Secondly, how do I actually generate predictions programatically? The docs state that the preferred way is to use generated quantities
when fitting the model, but I’d like to be able to obtain predictions on-line.
I’ve also got a modelling question: what is a good starting point for placing a hierarchical prior on the observation level variance, sigma_sensors
? This is currently a single random variable, but ideally it would vary by sensor as each sensor will have different error characteristics, but I don’t know what a suitable uninformative prior would be.

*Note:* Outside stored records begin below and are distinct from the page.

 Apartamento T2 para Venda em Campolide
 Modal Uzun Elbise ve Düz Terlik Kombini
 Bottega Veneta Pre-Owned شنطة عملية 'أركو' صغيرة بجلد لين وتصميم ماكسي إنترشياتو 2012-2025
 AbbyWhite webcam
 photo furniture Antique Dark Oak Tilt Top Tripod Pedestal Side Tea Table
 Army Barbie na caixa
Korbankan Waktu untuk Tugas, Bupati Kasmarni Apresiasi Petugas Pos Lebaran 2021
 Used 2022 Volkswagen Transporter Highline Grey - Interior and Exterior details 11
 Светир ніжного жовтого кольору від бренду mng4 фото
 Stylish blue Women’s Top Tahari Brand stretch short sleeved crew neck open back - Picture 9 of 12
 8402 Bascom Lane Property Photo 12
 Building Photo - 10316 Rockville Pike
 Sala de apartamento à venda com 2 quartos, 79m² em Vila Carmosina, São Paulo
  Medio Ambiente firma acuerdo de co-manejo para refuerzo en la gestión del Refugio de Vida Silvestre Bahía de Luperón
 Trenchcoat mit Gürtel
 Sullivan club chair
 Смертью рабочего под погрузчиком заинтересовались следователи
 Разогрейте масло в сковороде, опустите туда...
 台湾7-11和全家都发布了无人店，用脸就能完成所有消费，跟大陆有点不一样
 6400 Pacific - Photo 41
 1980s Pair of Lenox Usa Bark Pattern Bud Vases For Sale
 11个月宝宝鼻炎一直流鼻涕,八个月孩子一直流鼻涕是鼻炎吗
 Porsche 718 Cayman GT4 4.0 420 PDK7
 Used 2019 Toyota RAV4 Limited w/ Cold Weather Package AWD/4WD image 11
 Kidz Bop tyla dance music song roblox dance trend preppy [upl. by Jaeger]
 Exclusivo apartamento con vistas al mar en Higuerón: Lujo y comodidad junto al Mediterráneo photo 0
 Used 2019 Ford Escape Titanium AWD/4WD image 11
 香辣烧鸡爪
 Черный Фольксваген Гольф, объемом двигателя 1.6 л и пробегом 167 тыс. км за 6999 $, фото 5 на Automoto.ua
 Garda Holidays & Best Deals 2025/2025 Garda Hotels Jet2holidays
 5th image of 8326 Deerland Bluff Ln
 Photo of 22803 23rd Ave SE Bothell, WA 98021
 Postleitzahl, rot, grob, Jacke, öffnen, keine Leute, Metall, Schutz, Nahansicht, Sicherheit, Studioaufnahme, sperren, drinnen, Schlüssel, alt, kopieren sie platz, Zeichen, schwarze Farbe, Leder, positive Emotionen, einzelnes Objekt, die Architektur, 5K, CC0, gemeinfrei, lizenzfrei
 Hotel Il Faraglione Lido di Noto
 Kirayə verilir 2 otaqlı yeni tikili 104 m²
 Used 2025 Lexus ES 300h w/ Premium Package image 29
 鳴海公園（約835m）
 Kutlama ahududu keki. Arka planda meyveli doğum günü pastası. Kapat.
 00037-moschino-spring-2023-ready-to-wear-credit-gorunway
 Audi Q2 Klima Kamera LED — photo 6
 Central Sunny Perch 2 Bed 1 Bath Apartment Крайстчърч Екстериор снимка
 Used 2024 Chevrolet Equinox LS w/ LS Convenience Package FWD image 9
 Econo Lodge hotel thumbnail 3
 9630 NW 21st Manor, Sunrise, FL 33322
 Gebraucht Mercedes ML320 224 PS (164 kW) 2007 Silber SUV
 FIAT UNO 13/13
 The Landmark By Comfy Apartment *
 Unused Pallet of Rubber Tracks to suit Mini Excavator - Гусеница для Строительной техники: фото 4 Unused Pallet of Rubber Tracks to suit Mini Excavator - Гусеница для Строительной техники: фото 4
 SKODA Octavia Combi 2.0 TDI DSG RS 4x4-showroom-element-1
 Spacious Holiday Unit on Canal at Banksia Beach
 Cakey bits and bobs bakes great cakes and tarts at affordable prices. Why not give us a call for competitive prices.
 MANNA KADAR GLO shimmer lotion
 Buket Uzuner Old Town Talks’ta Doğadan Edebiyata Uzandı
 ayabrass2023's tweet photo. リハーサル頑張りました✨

Finally, are there any obvious optimizations? It takes a while to fit (8 hours when N=13 000). I think I’ve vectorized as much as I can.
data {
int<lower=0> N;
int<lower=0> J;
int<lower=0> n_terms;
int sensor[N];
row_vector[n_terms] x[N];
real O3[N];
}
parameters {
real alpha[J];
vector[n_terms] beta[J];
real mu_alpha;
real<lower=0> sigma_alpha;
real mu_beta[n_terms];
real<lower=0> sigma_beta[n_terms];
real<lower=0> sigma_sensors;
}
model {
vector[N] linear_pred;
vector[N] sigma_obs;
// Group level priors
mu_alpha ~ normal(0, 2.5);
sigma_alpha ~ exponential(1);
mu_beta ~ normal(0, 2.5);
sigma_beta ~ exponential(1);
// Observation level priors
// TODO: ideally this would also have a group-level prior,
// but what would be an appropriate distribution?
sigma_sensors ~ exponential(1);
for (j in 1:J)
beta[j] ~ normal(mu_beta, sigma_beta); // Coefficients
alpha ~ normal(mu_alpha, sigma_alpha); // Intercept
for (n in 1:N) {
linear_pred[n] = alpha[sensor[n]] + x[n] * beta[sensor[n]];
}
O3 ~ normal(linear_pred, sigma_sensors);
}